(Image-text web data)
[Start of section]
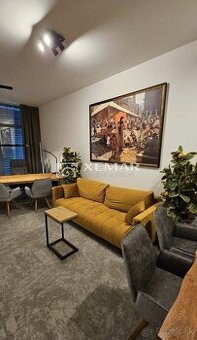 Prenájom: Exkluzívne kancelárske priestory v Banskej Byst... - 1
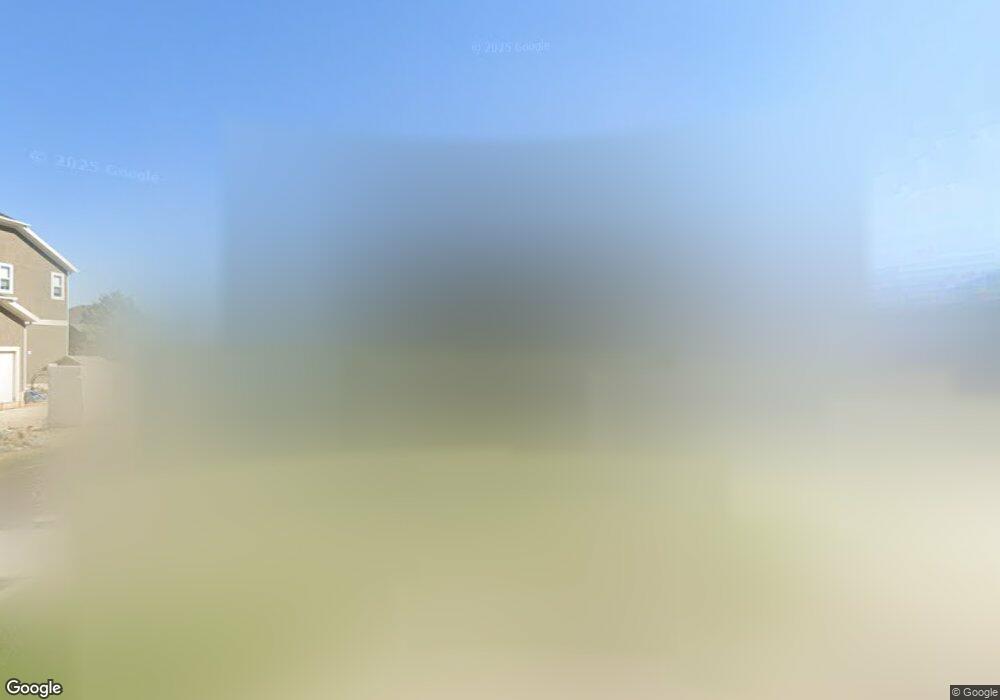 3791 W Sweet Vera Ln, Riverton, UT 84065 - photo 1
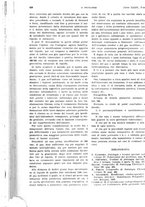 giornale/PUV0041812/1927/unico/00000776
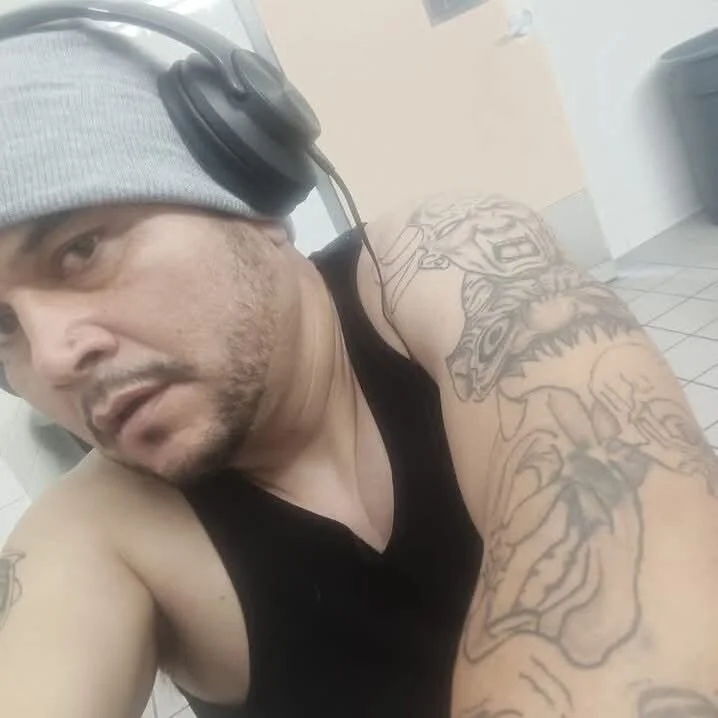 Offline chatovací místnost Suckmilfs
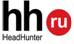 hh_logo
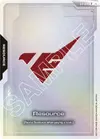 Product image for Resource (RP-020) (Asticassia School of Technology)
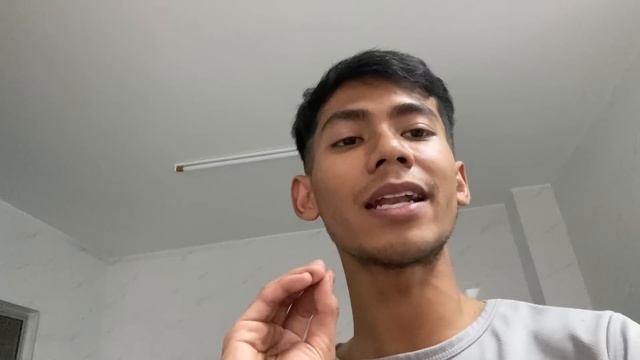 BELI KAMERA PAKAI BAJU PANDA смотреть онлайн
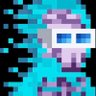 Profilbild von hajime
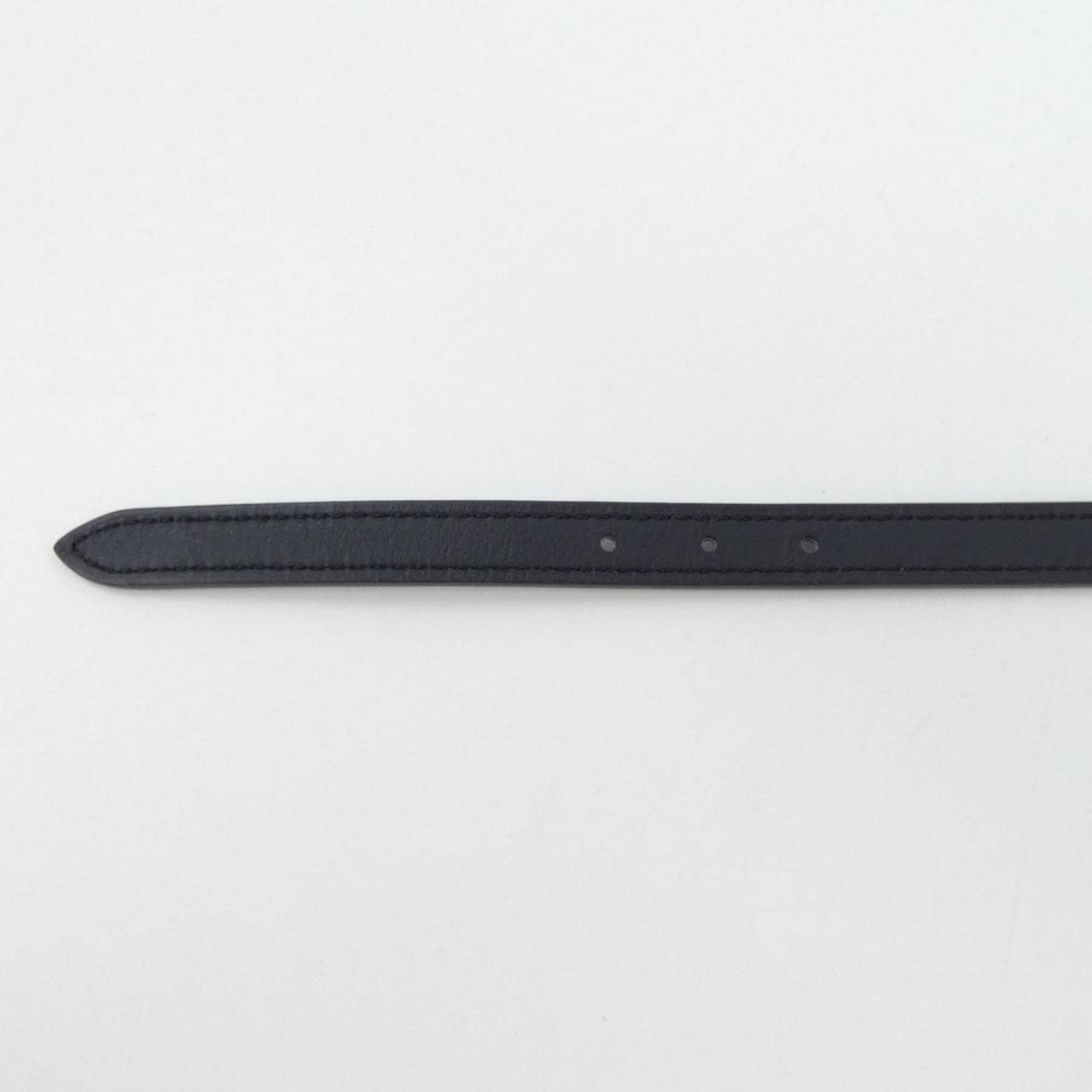 エルメス HERMES 13mm　リバーシブル BELT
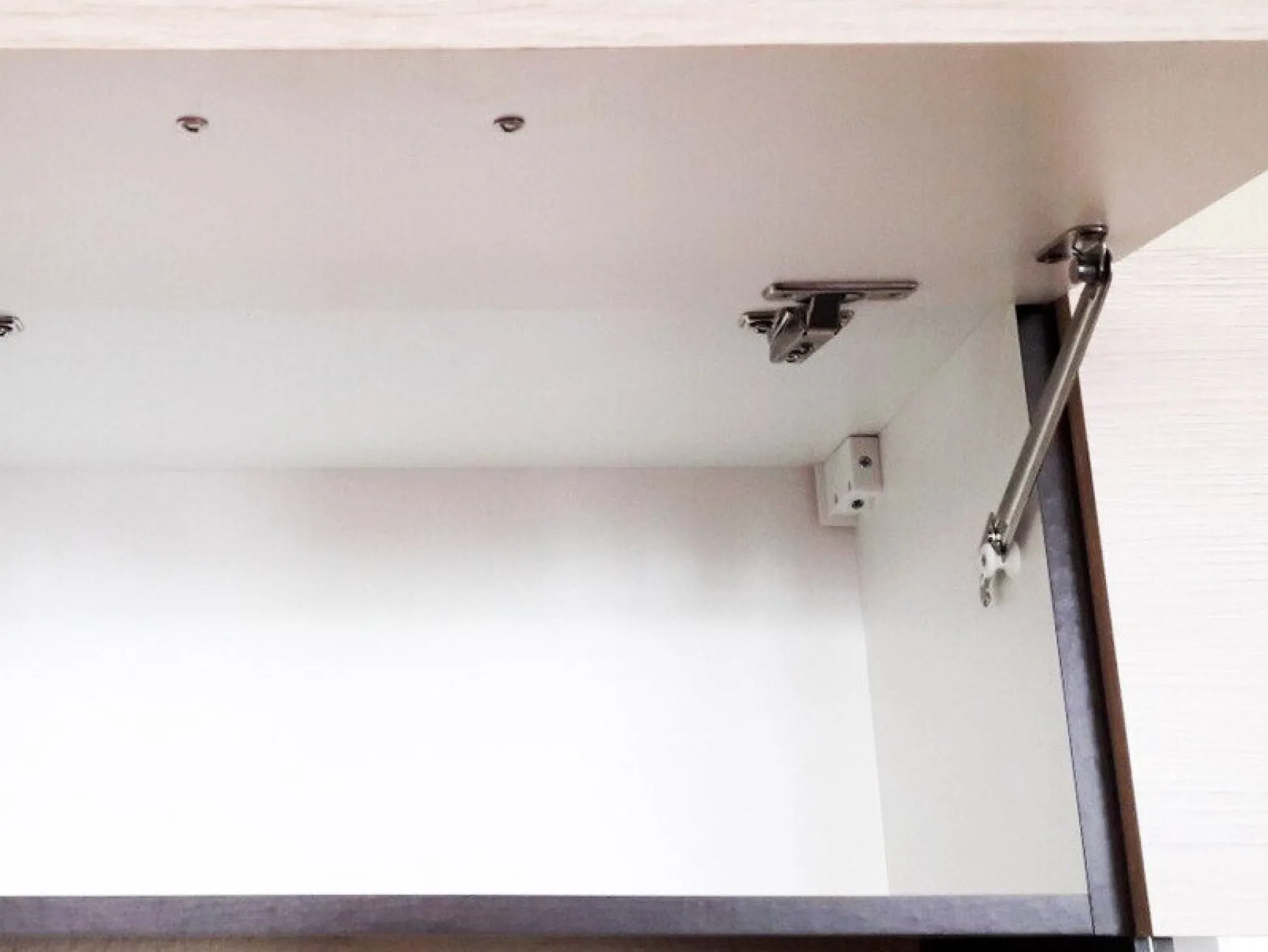 Modulkøkkensæt Eli Dark 113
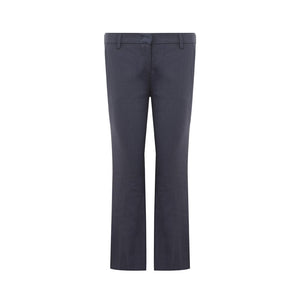 Jeans & Pants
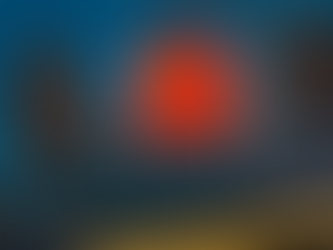 China’s National Strategy and the Outlook for the International Order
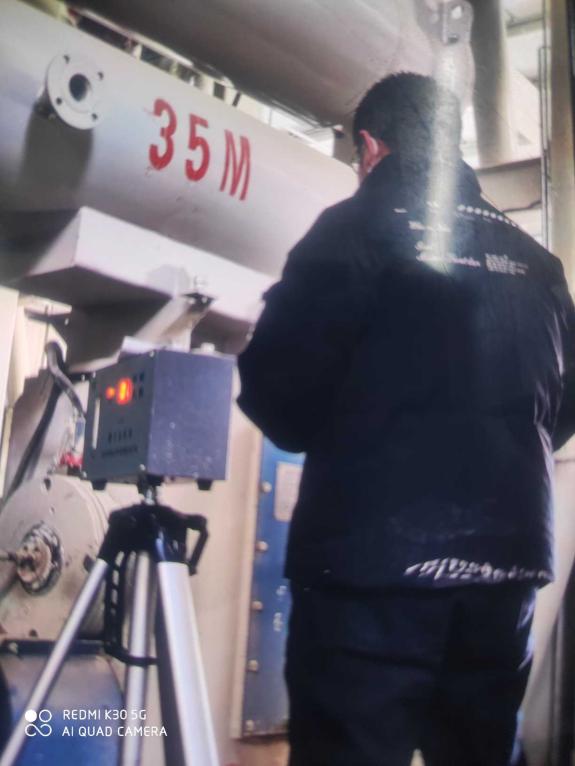 1638779473253_1638779432828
[End of section]
> _Your goal_
After removing the pictures, set down every record above exactly as it stands.

> _Exercise solution_
 Prenájom: Exkluzívne kancelárske priestory v Banskej Byst... - 1
 3791 W Sweet Vera Ln, Riverton, UT 84065 - photo 1
 giornale/PUV0041812/1927/unico/00000776
 Offline chatovací místnost Suckmilfs
 hh_logo
 Product image for Resource (RP-020) (Asticassia School of Technology)
 BELI KAMERA PAKAI BAJU PANDA смотреть онлайн
 Profilbild von hajime
 エルメス HERMES 13mm　リバーシブル BELT
 Modulkøkkensæt Eli Dark 113
 Jeans & Pants
 China’s National Strategy and the Outlook for the International Order
 1638779473253_1638779432828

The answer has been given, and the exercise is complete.